AÇÃO DIRETA DE INCONSTITUCIONALIDADE

 

em face da Resolução da Secretaria de Estado do Meio Ambiente de n. 15, de 13 de março de 2008, que, de forma inconstitucional, disciplina o licenciamento de desmatamentos em áreas de comprovada importância para a restauração de corredores ecológicos e interligação de fragmentos de vegetação nativa, pelas razões e fundamentos a seguir expostos:

         Registre-se, inicialmente, que a propositura da presente ação direta se deve ao acolhimento da representação formulada pela Dra. Cristina Godoy de Araújo Freitas, DD. Promotora de Justiça Coordenadora da Área de Meio Ambiente do Centro de Apoio Operacional das Promotorias de Justiça Cíveis e de Tutela Coletiva, noticiando que a Resolução impugnada pela presente ação direta leva à “permissividade no licenciamento de desmatamentos em áreas de comprovada importância para a restauração de corredores ecológicos e interligação de fragmentos de vegetação nativa” (fls. 08).

         Portanto, tendo em vista que a Resolução impugnada acaba por permitir que o desenvolvimento urbano venha a comprometer a preservação do meio ambiente, é imprescindível que seja eliminado do mundo jurídico.

 

                   A RESOLUÇÃO IMPUGNADA

 

                   Importante reproduzir a Resolução n. 15 – SMA – de 13 de março de 2008:

RESOLUÇÃO SMA-15 DE 13 DE MARÇO DE 2008.

Dispõe sobre os critérios e parâmetros para concessão de autorização para supressão de vegetação nativa considerando as áreas prioritárias para incremento da conectividade.

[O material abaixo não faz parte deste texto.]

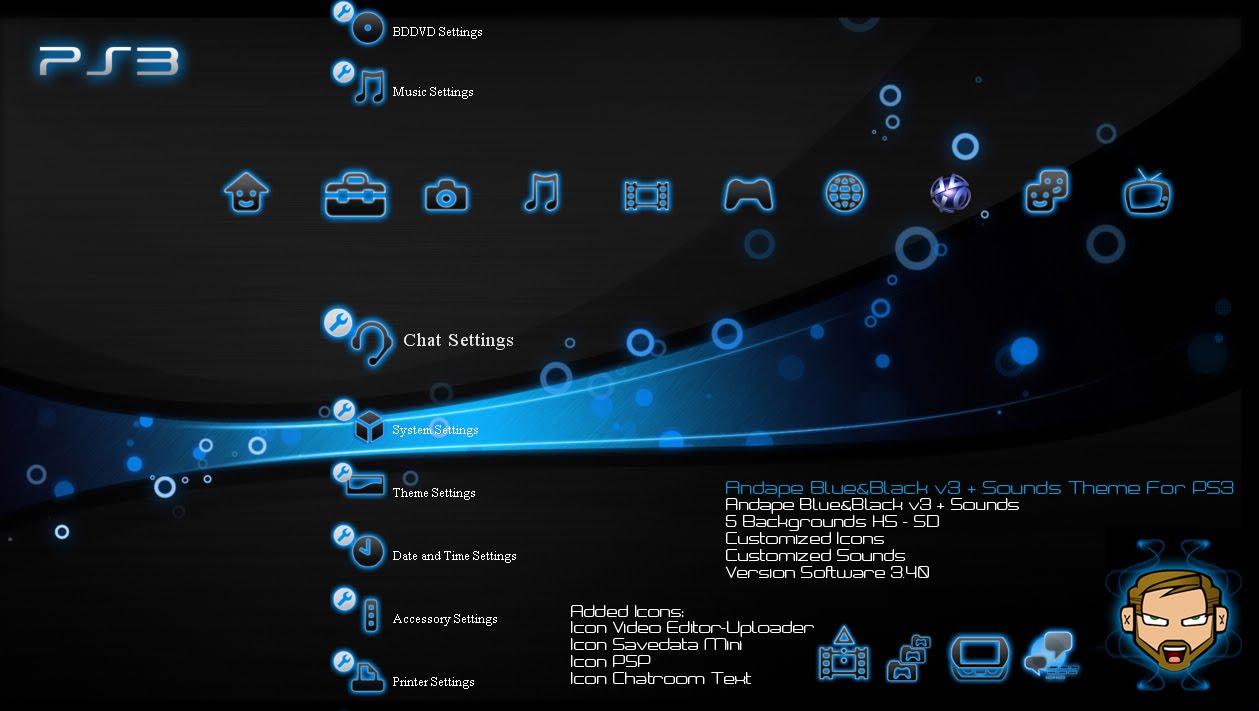 Playstation 3 интерфейс. Темы 3. Темы для windows 10. Monster energy производитель. 5.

O SECRETÁRIO DE ESTADO DO MEIO AMBIENTE, em cumprimento ao disposto nos artigos 23, VII, e 225, § 1º, I, da Constituição Federal, nos artigos 191 e 193 da Constituição do Estado, nos artigos 2º e 4º da Lei federal nº 6.938, de 31 de agosto de 1981, e nos artigos 2º, 4º e 7º da Lei estadual nº 9.509, de 20 de março de 1997, e

Considerando os resultados obtidos pela equipe de pesquisadores do Projeto Biota FAPESP e as informações presentes no mapa de "Áreas prioritárias para incremento da conectividade" e "Áreas prioritárias para criação de Unidades de Conservação" resultantes do Projeto Biota FAPESP;

Considerando a situação atual da cobertura vegetal no Estado, a importância da manutenção e recuperação da conectividade efetiva entre os fragmentos existentes e levando em conta a vocação das diferentes Unidades de Gerenciamento de Recursos Hídricos (UGRHI);

Resolve:

Art. 1º – A análise dos pedidos de supressão de vegetação nativa no Estado de São Paulo, nos imóveis rurais, deverá considerar as categorias de importância para a manutenção e restauração da conectividade biológica definidos no mapa denominado “Áreas Prioritárias para Incremento para Conectividade” do Projeto BIOTA FAPESP.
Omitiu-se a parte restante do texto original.